** Opening Listed entries block **
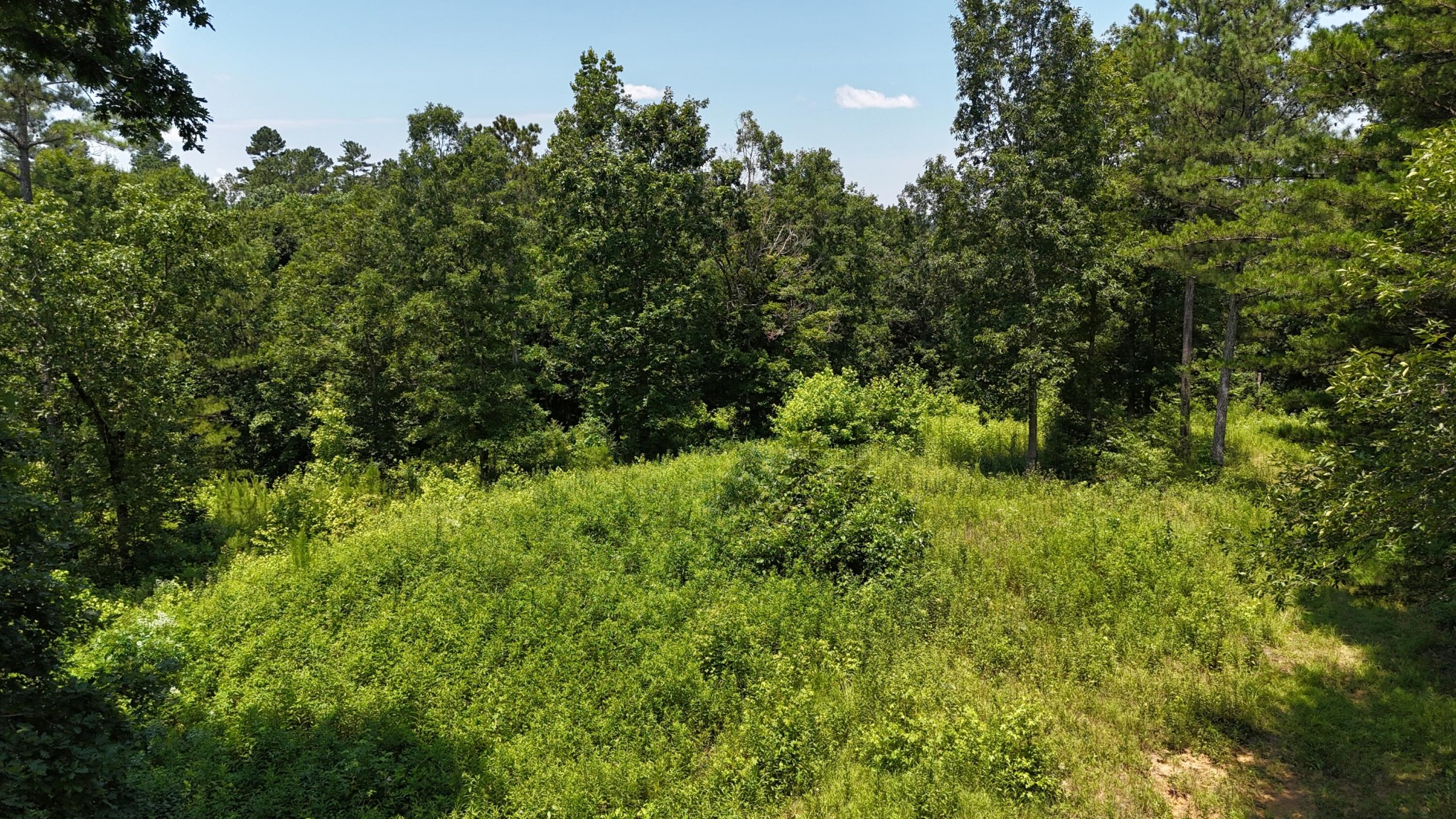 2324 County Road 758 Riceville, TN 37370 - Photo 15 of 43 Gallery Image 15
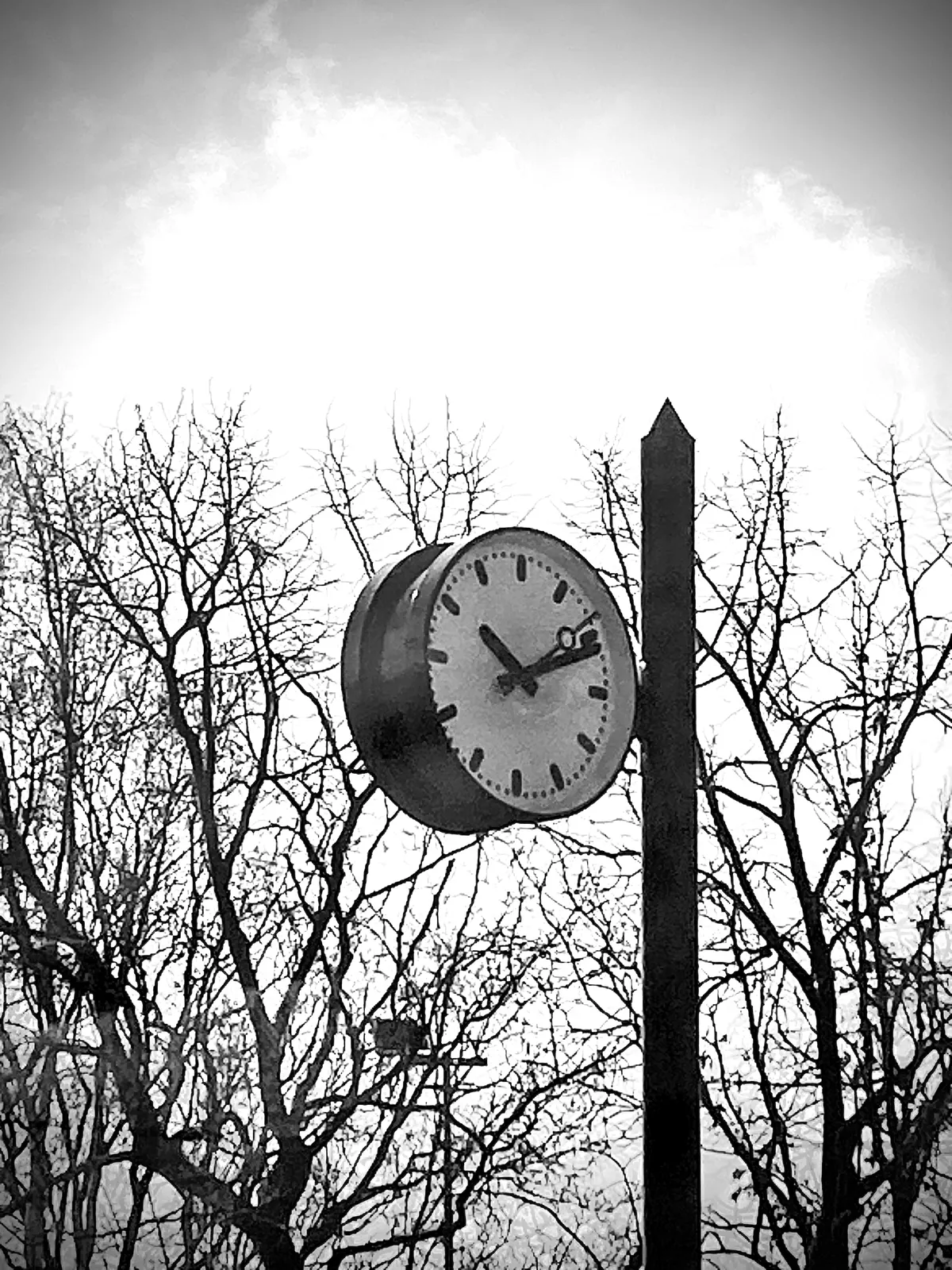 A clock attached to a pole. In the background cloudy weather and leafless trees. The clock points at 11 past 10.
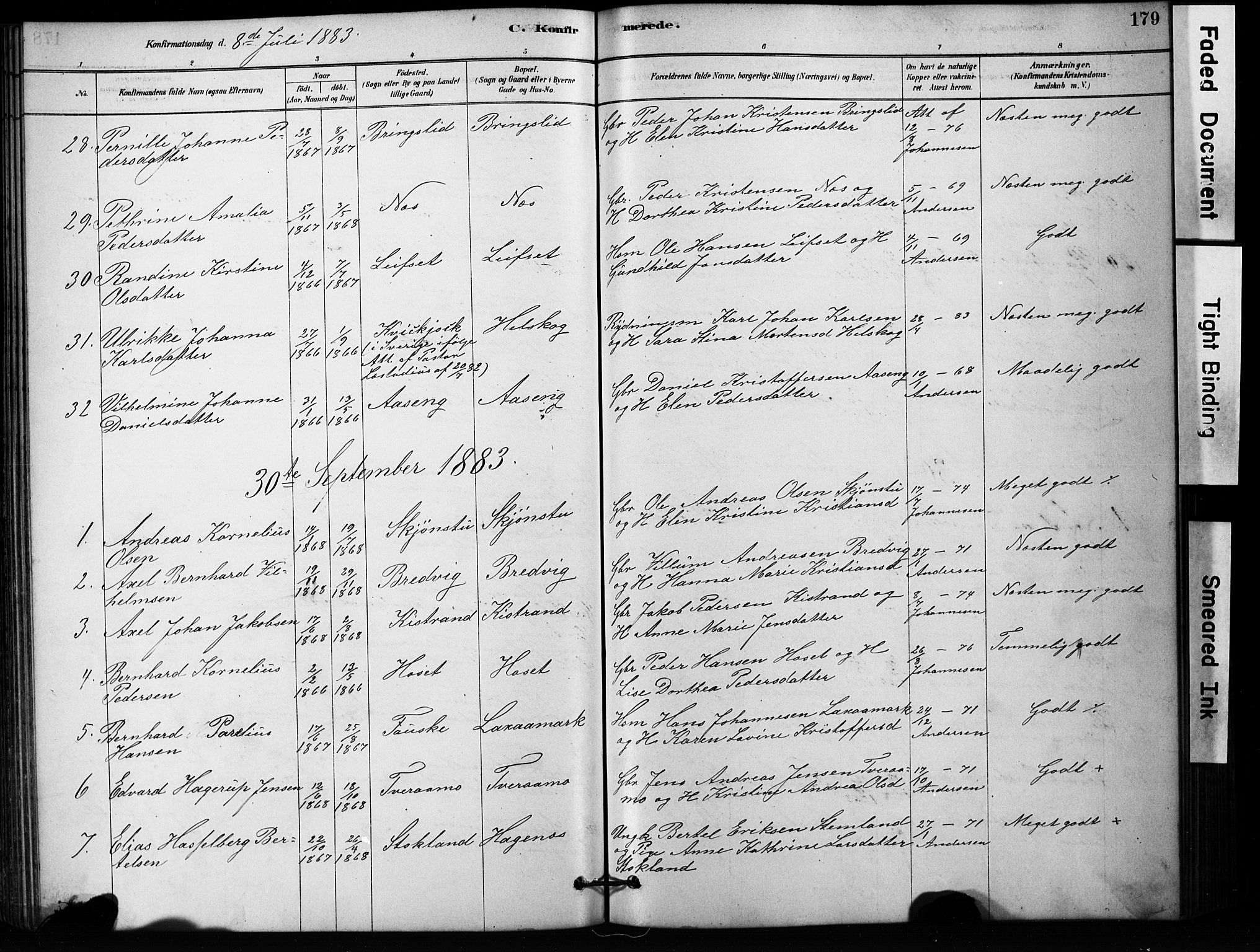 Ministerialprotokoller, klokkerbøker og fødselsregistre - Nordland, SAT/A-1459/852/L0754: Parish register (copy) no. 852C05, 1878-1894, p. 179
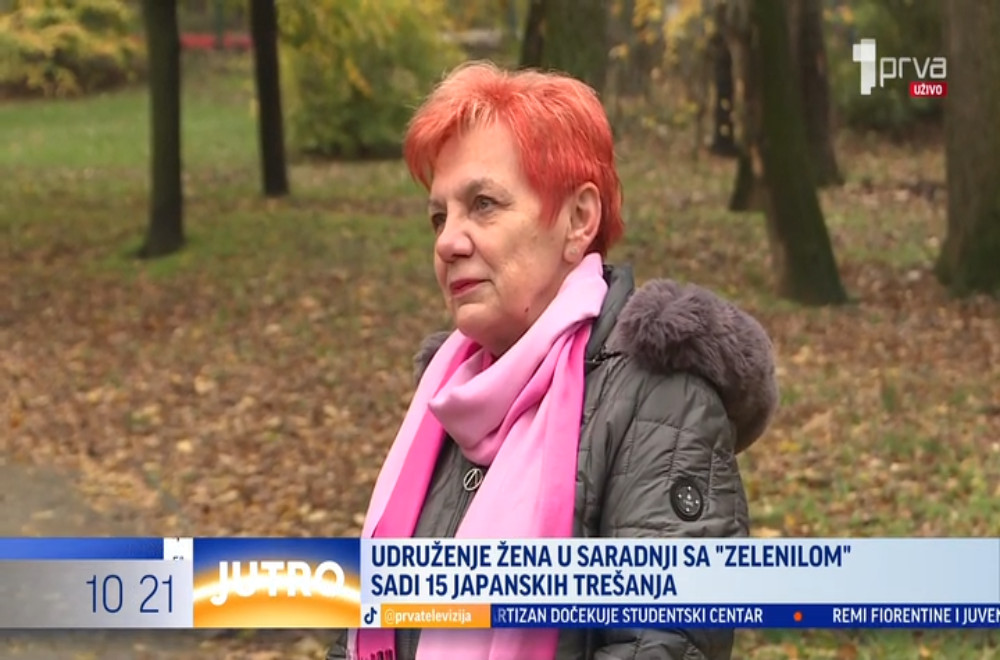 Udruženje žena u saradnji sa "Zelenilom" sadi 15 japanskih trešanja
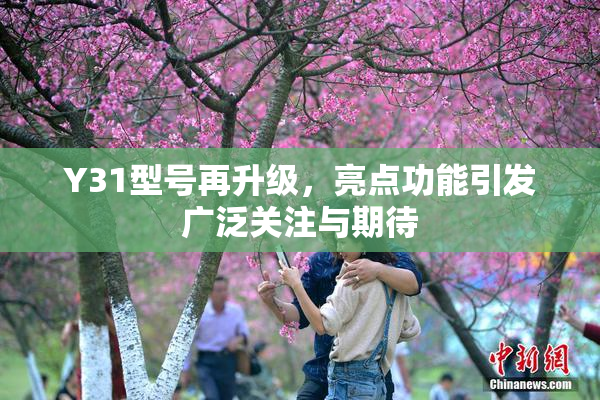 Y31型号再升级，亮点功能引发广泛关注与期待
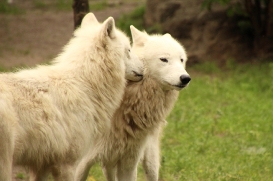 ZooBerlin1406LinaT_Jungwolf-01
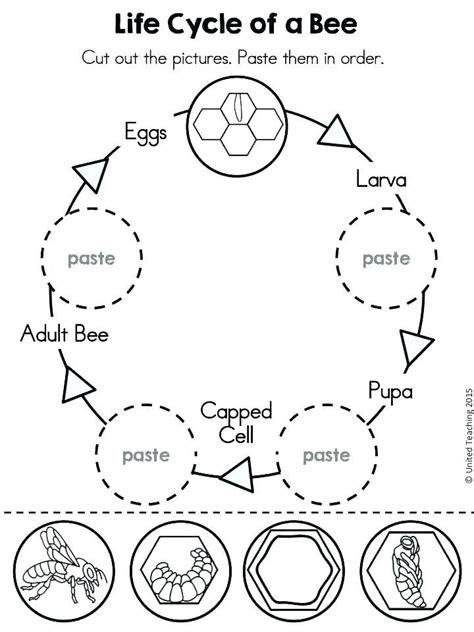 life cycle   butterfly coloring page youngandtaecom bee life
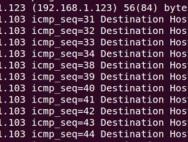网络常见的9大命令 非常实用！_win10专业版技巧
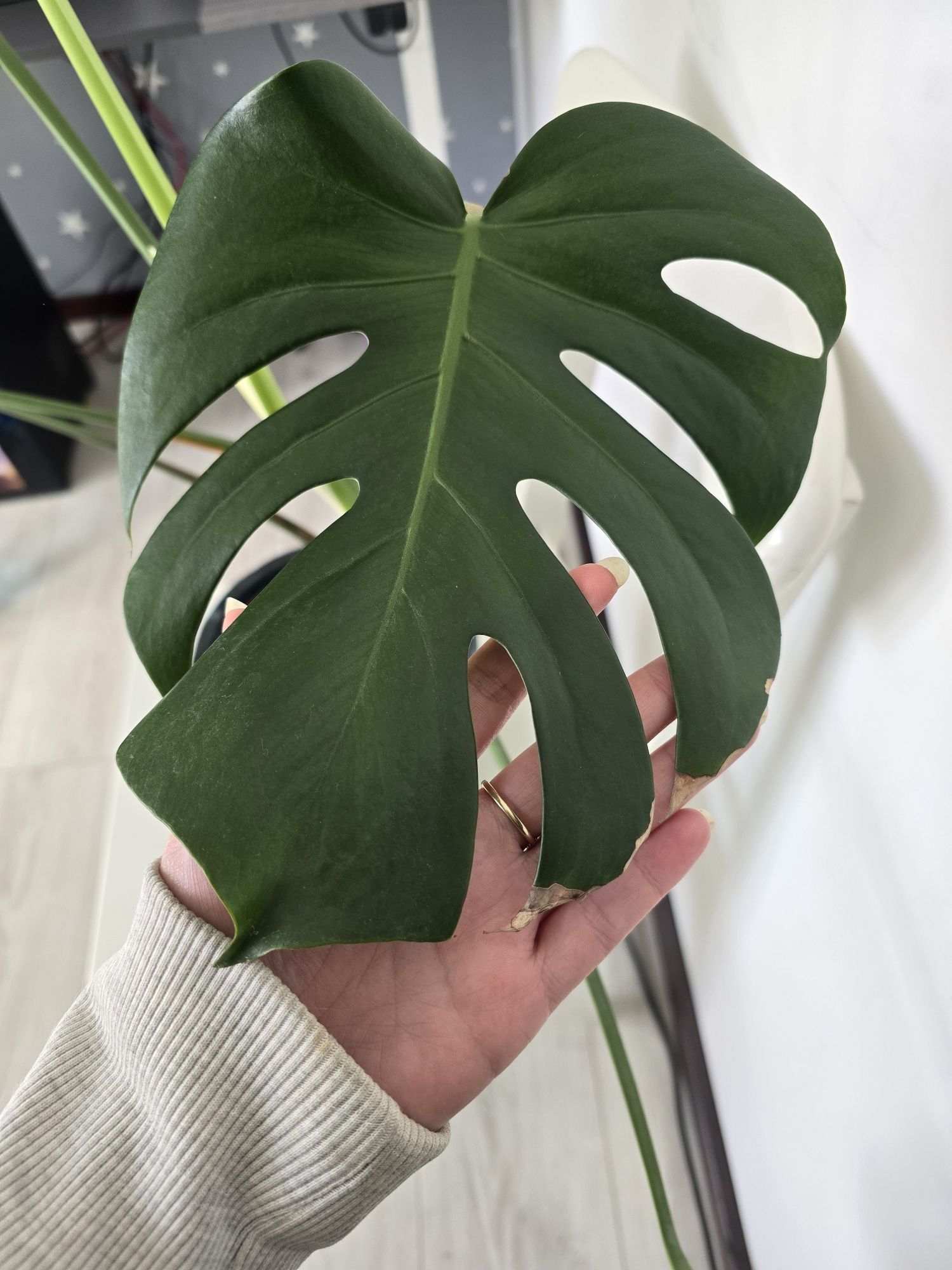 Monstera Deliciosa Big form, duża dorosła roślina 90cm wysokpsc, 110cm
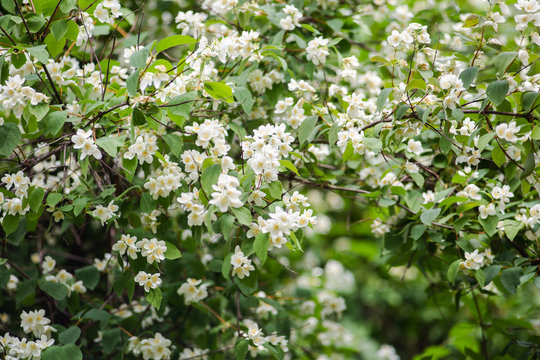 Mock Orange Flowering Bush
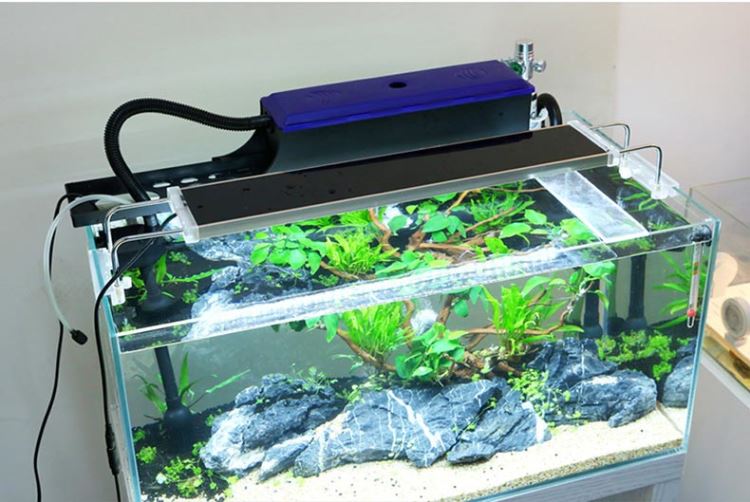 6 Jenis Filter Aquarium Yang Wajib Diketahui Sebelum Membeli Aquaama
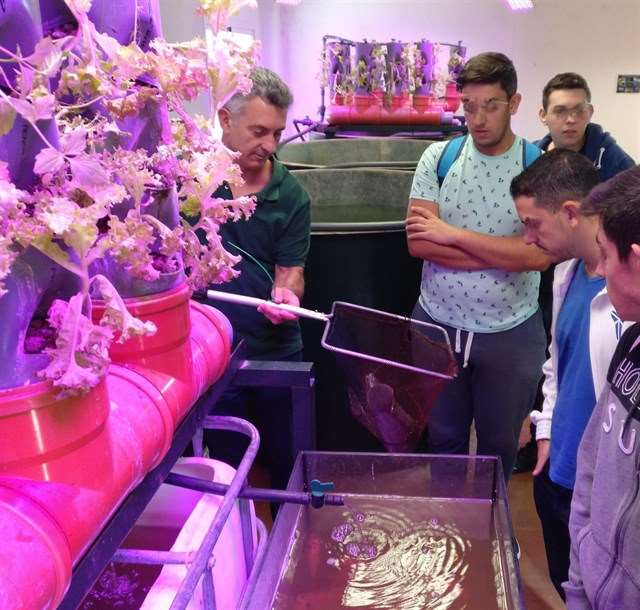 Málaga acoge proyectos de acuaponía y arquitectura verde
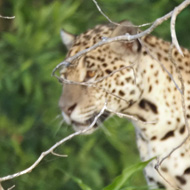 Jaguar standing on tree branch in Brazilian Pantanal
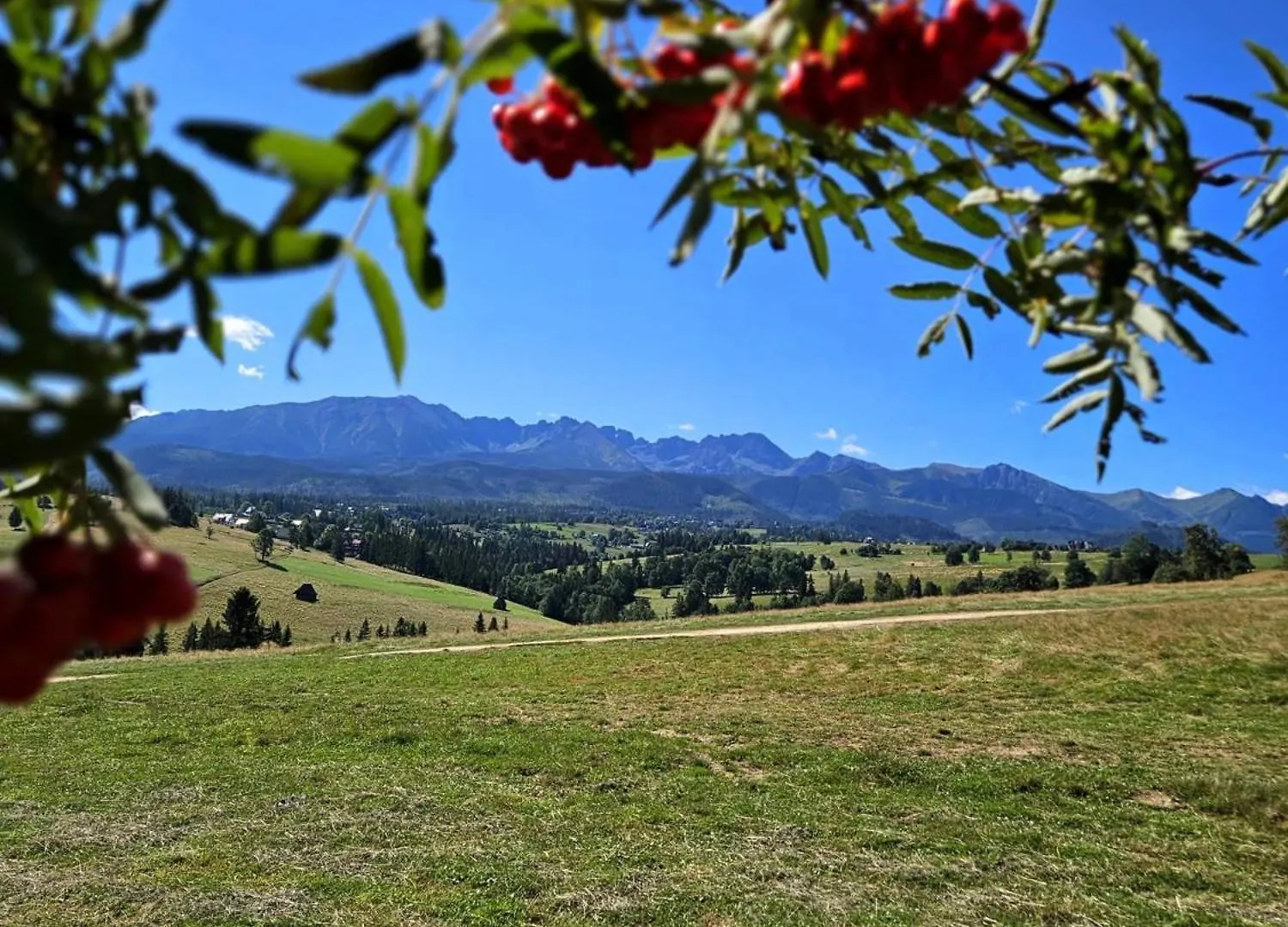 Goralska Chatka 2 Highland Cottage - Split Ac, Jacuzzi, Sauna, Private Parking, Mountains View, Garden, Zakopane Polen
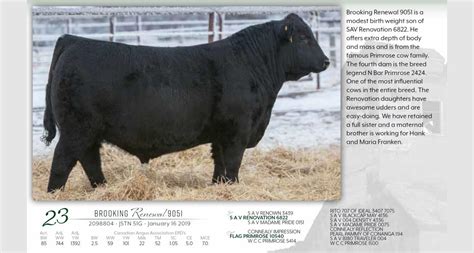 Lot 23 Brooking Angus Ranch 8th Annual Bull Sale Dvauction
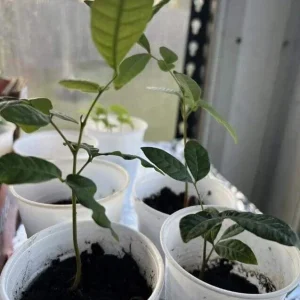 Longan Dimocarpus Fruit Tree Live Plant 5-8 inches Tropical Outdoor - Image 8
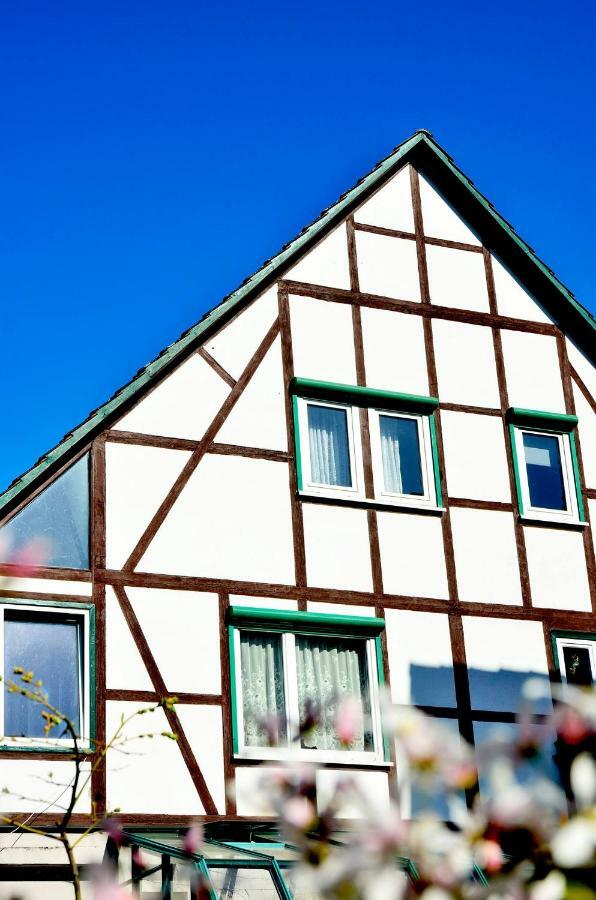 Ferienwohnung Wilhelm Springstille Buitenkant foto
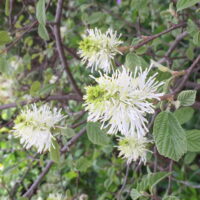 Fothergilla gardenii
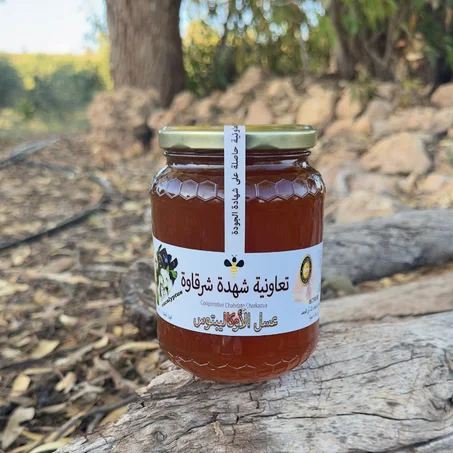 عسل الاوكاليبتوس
** Closing Listed entries block **
What needs to be done: Every line from the one holding "网络常见的9大命令 非常实用！_win10专业版技巧" through the last line of the entries above, and nothing else, is to be restated word for word. Pictures stay out.

Exercise answer:
网络常见的9大命令 非常实用！_win10专业版技巧
 Monstera Deliciosa Big form, duża dorosła roślina 90cm wysokpsc, 110cm
 Mock Orange Flowering Bush
 6 Jenis Filter Aquarium Yang Wajib Diketahui Sebelum Membeli Aquaama
 Málaga acoge proyectos de acuaponía y arquitectura verde
 Jaguar standing on tree branch in Brazilian Pantanal
 Goralska Chatka 2 Highland Cottage - Split Ac, Jacuzzi, Sauna, Private Parking, Mountains View, Garden, Zakopane Polen
 Lot 23 Brooking Angus Ranch 8th Annual Bull Sale Dvauction
 Longan Dimocarpus Fruit Tree Live Plant 5-8 inches Tropical Outdoor - Image 8
 Ferienwohnung Wilhelm Springstille Buitenkant foto
 Fothergilla gardenii
 عسل الاوكاليبتوس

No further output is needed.